While perusing the library bookshelves I stumbled across the book "My Year of Meats" by Ruth L. Ozeki. It is the tale of a documentarian who is half Japanese half American and always somewhere half way between here and there. Her mother was born in Japan and moved to a small farming town in middle America when she married her husband, a botanist. Not too shortly there after, Jane is born. Jane is taller than your average American and when she moves to Tokyo in college she finds that she is taller than everyone in Japan. Her height and her "half" breeding makes her an outcast in the tight knit society. Not one to take life sitting down, Jane cuts her hair into a typical man's style and insists on using "men's Japanese" instead of the usually femininely demure language used by women.
The book opens up with Jane, now back in the US after having finished up a job in Tokyo, receiving a phone call in the middle of the night. Her former boss in Japan is offering her a job as a production assistant for a new television show that will be filmed in America and shown weekly in Japan titled "My American Wife!" The corporate sponsors behind the show are American meat manufacturer's Meat-Ex.

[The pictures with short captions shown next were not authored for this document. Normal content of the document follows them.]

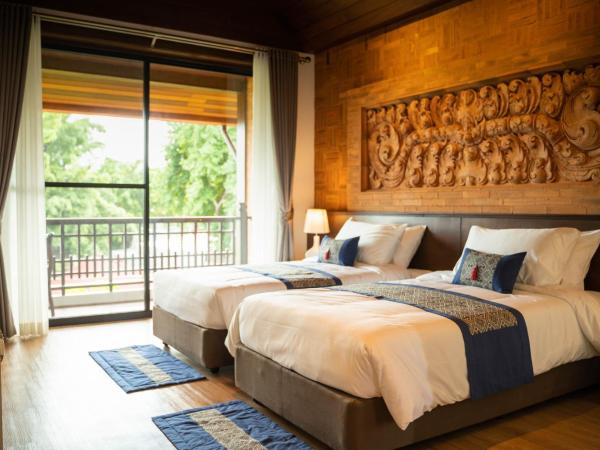 Phor Liang Meun Terracotta Arts : photo 4 de la chambre chambre lits jumeaux deluxe avec balcon (plafond en bois)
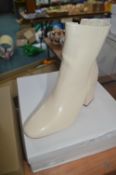 Lady's Cream Fashion Boots Size: 6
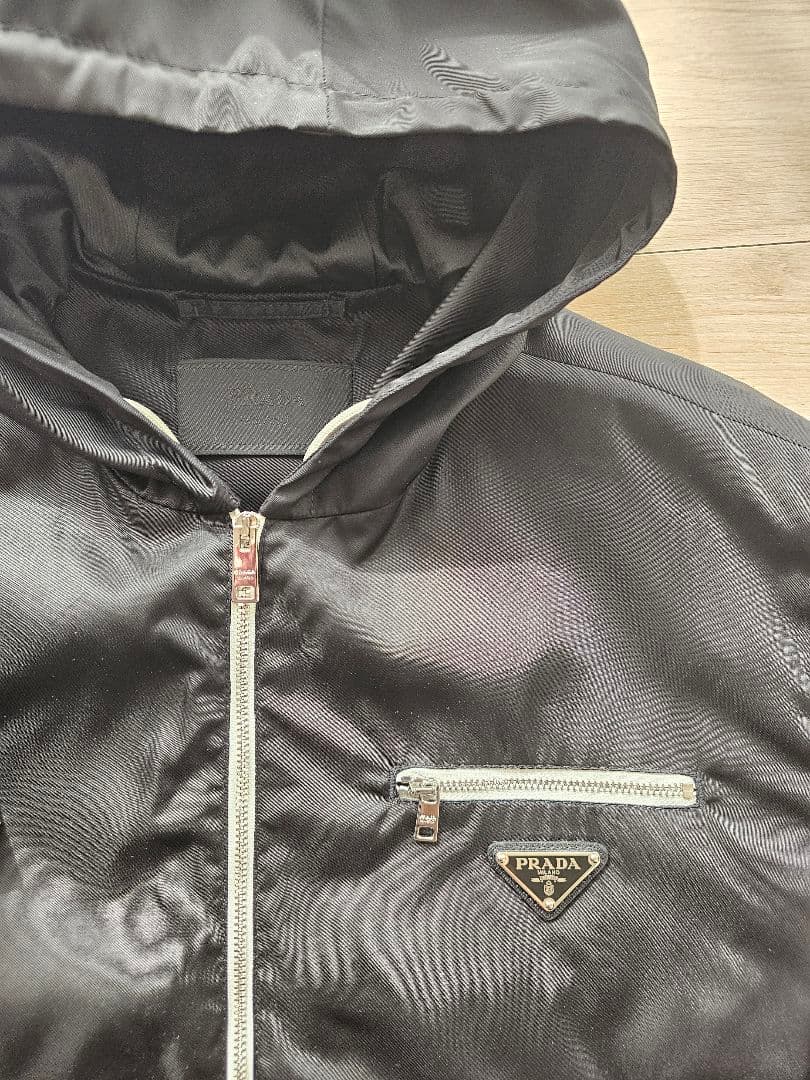 PRADA ナイロンジャケット 三角ロゴ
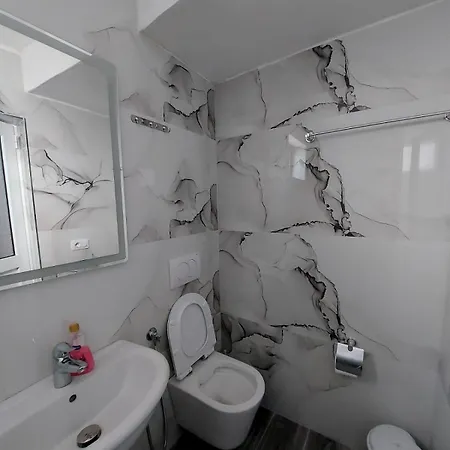 Shpetim Guest house 3*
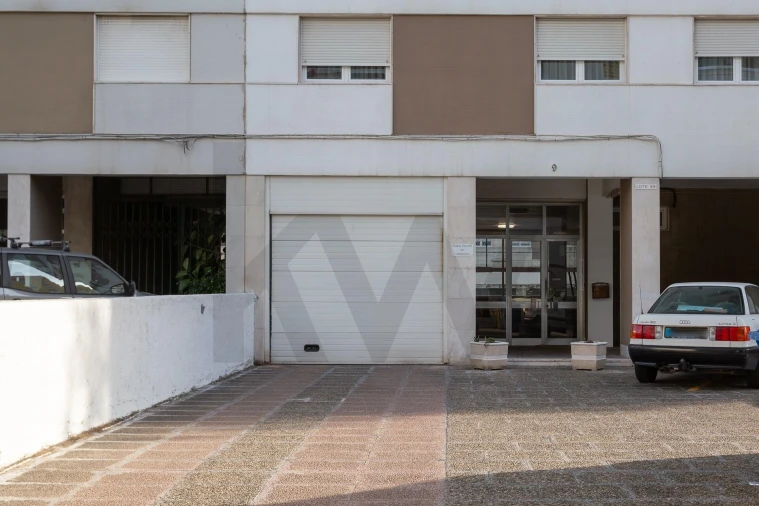 Apartamento T4 para Arrendamento em Moscavide e Portela Foto 28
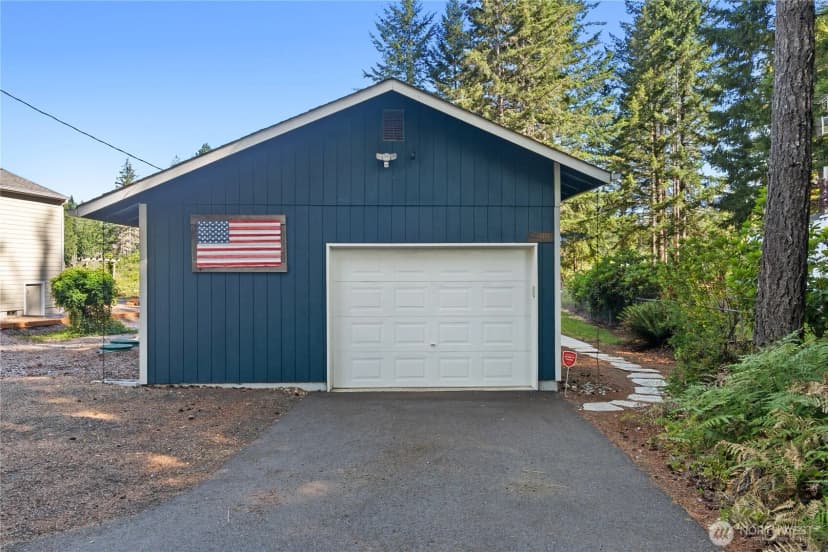 Property photo for 1101 E Ballantrae Drive, Shelton photo 35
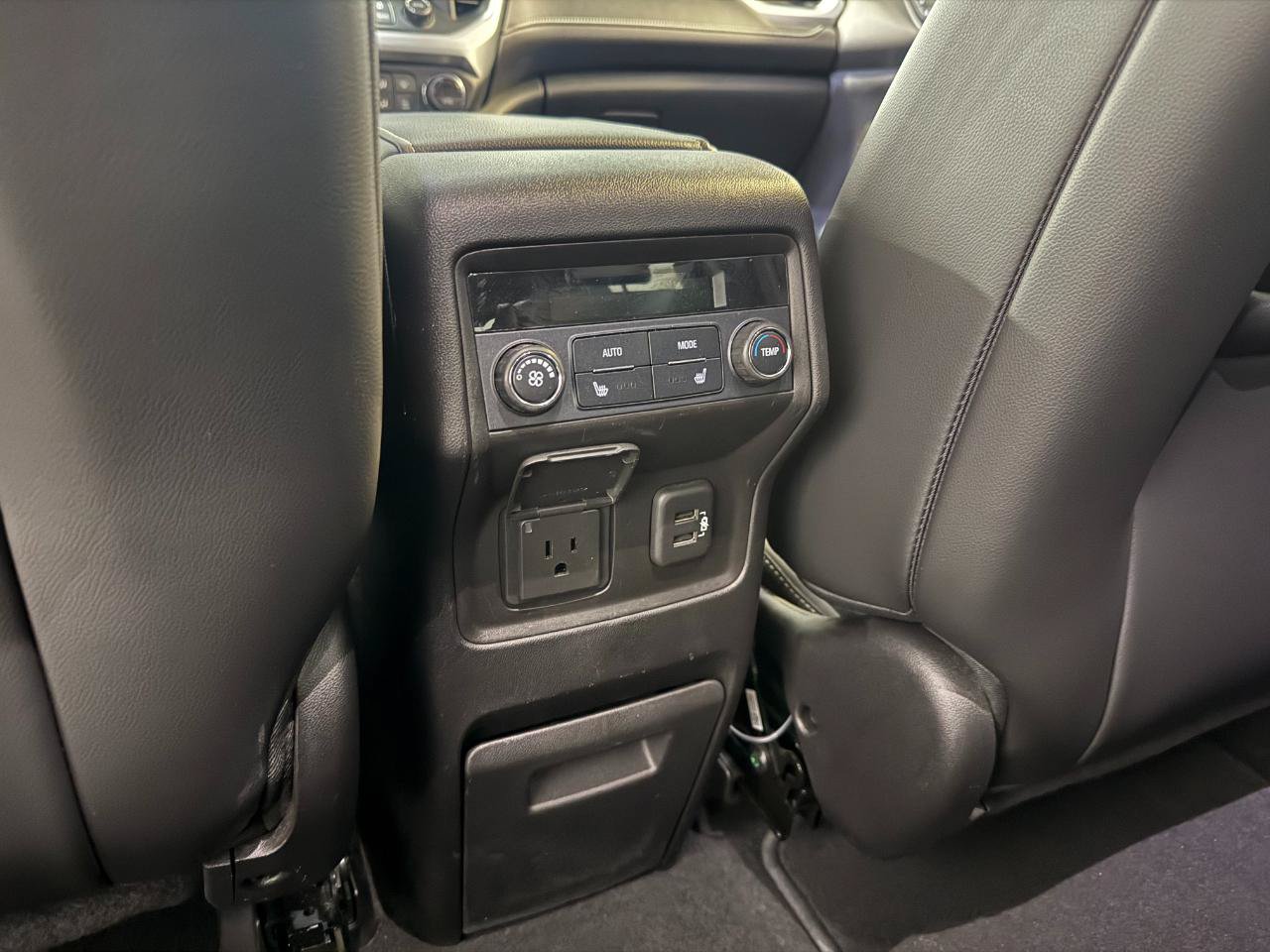 Used 2019 GMC Acadia SLT AWD/4WD image 33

Each show will feature an American housewife, her wholesome lifestyle and her happy husband and healthy children, finally culminating in the real star of the show: the meat. Meat-Ex intends to reintroduce American meat to the Japanese people by showing them how wonderful life with meat can be. Jane, living in tenement squalor, takes the job eagerly and eventually ends up directing the episodes.
On the other side of the world lives Akiko, the Japanese wife of the show's producer. Akiko is so thin that her bones hurt. She and her husband have been trying to get pregnant without success. Because of Akiko's low weight, she eventually stops menstruating and her husband decides that the answer to Akiko's health problems is meat! He gives Akiko the task of watching the weekly episodes of "My American Wife!" and then preparing the meat dishes presented in each show.
The story line alternates between Jane's adventures in filming and Akiko's battle with an eating disorder. As Jane digs deeper into the inner workings of the meat industry she finds that perhaps meat isn't so healthy after all. After a particular incident with her boss, Akiko's husband, she decides to sabotage the show by revealing the meat industries dangerous underbelly. What she finds out is shocking.
I won't reveal too much more of the story line because I really want everyone to go out and read this book. When I picked it up I had no idea that it dealt with infertility. I cried through most of the book, and laughed at the rest, because this story spoke to me in such a beautiful and eloquent way. The most shocking thing about this book is that it made me feel good about the job that I have. The reality of America's meat industry is terrifying and I felt the need to do something about it when I was finished with the book. Then I realized that I already am doing something by writing the articles that I do. And that made me want to keep writing them, to get the truth out there so that people can make informed decisions about what they put into their bodies.
I highly recommend this book to everyone! It is a strange tale and I am hard pressed to find another book that I can compare it to.